Monday, January 09, 2006

Unfamiliar Territory

So I woke up this morning in an unfamiliar bed. Whenever this happens, I have a backup plan.

  1. Feign sleep
  2. Count number of people in bed
  3. Determine gender of any people in bed
  4. Mentally replay events of previous evening
  5. Locate clothes and/or nearest exits
  6. Flee screaming
So this morning found me in a Marriot in Irvine, California. I felt kind of stupid when I realized I had fled naked and screaming from own hotel room, but it's better to be safe than sorry.

Penetrode, it turns out, had decided that sending me to Tokyo was a bad idea. My attempt to
prepare for the trip by learning useful phrases in Japanese had created tension. Our Japanese business partners were apparently unnerved when I opened our conference calls by shouting "None can defeat my rabid monkey style!"

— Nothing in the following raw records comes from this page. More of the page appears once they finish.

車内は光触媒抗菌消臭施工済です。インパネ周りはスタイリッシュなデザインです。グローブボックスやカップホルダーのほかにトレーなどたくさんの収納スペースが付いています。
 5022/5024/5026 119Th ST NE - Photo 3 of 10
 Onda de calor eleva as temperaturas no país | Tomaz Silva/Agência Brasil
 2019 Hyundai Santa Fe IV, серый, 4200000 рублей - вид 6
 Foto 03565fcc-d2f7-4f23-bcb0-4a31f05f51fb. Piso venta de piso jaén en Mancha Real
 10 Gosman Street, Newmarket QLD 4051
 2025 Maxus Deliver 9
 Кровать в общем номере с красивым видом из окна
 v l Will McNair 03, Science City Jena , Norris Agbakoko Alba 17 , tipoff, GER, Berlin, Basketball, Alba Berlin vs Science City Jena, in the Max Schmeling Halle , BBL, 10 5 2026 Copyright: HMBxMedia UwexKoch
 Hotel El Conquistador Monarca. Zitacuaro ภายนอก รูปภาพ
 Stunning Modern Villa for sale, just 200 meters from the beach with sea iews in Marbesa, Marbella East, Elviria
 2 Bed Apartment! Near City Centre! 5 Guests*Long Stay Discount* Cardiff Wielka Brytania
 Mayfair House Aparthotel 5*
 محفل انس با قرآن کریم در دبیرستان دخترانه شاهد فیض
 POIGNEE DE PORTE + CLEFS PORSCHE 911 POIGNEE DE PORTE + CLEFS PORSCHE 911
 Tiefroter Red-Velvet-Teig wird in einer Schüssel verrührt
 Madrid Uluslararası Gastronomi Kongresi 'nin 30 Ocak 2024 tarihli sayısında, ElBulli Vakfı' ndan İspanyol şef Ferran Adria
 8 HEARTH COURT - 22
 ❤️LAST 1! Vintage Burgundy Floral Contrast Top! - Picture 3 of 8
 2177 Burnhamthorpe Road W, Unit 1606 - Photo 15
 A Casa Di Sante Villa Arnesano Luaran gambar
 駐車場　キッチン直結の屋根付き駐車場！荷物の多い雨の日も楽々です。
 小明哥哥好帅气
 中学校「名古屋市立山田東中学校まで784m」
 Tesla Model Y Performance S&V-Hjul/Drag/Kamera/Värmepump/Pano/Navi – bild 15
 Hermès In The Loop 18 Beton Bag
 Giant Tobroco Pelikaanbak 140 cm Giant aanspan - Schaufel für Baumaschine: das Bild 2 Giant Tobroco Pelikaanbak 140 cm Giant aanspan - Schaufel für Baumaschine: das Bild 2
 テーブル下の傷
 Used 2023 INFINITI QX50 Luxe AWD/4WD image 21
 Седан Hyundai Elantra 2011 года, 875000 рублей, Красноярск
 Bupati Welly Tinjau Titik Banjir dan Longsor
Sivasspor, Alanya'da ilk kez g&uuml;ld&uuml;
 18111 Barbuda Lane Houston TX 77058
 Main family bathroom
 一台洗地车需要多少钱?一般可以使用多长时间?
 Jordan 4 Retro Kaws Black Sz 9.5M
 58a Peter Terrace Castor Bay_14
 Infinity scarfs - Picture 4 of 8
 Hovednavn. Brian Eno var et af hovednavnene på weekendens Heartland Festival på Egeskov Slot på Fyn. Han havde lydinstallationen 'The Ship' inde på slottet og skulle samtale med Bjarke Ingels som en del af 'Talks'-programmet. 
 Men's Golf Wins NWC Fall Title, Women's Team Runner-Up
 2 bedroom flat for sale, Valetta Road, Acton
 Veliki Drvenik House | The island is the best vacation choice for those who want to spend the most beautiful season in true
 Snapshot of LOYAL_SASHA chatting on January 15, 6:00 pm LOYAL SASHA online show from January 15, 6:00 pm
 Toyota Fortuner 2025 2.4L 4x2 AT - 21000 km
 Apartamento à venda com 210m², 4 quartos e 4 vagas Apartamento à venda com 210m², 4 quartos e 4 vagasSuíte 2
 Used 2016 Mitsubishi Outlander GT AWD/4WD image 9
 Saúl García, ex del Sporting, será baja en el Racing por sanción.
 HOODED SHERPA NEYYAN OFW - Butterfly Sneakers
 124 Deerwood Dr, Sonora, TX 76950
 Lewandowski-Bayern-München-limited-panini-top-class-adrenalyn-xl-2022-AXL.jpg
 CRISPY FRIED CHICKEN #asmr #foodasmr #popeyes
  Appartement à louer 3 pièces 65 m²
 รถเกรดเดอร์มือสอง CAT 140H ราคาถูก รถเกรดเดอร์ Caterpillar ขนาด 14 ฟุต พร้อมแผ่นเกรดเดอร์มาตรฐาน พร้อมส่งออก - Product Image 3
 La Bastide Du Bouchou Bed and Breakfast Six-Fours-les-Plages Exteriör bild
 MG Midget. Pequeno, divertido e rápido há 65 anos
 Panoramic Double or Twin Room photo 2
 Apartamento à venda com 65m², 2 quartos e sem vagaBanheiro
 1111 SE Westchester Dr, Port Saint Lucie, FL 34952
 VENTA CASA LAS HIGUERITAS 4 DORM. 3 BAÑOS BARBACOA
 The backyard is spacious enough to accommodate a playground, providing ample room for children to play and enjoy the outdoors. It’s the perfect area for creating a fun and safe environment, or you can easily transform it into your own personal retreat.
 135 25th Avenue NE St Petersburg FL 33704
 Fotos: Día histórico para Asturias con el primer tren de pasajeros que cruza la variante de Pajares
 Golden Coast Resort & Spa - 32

So instead I got shipped to Irvine. I'll let you know how it goes.

LM

2 Comments:

Blogger Sara said...

Now you're on MY coast. Hah ha. Going to Japan is a bad idea anyways. You'd come home with SARS and the bird flu and the clap. For real.

9:11 PM  
Blogger Amandarama said...

I dunno. Going to Japan always means you have an opportunity to see fresh animae-space-tentacle-vampire porn. I think you need to have a discussion with Penetrode HR again.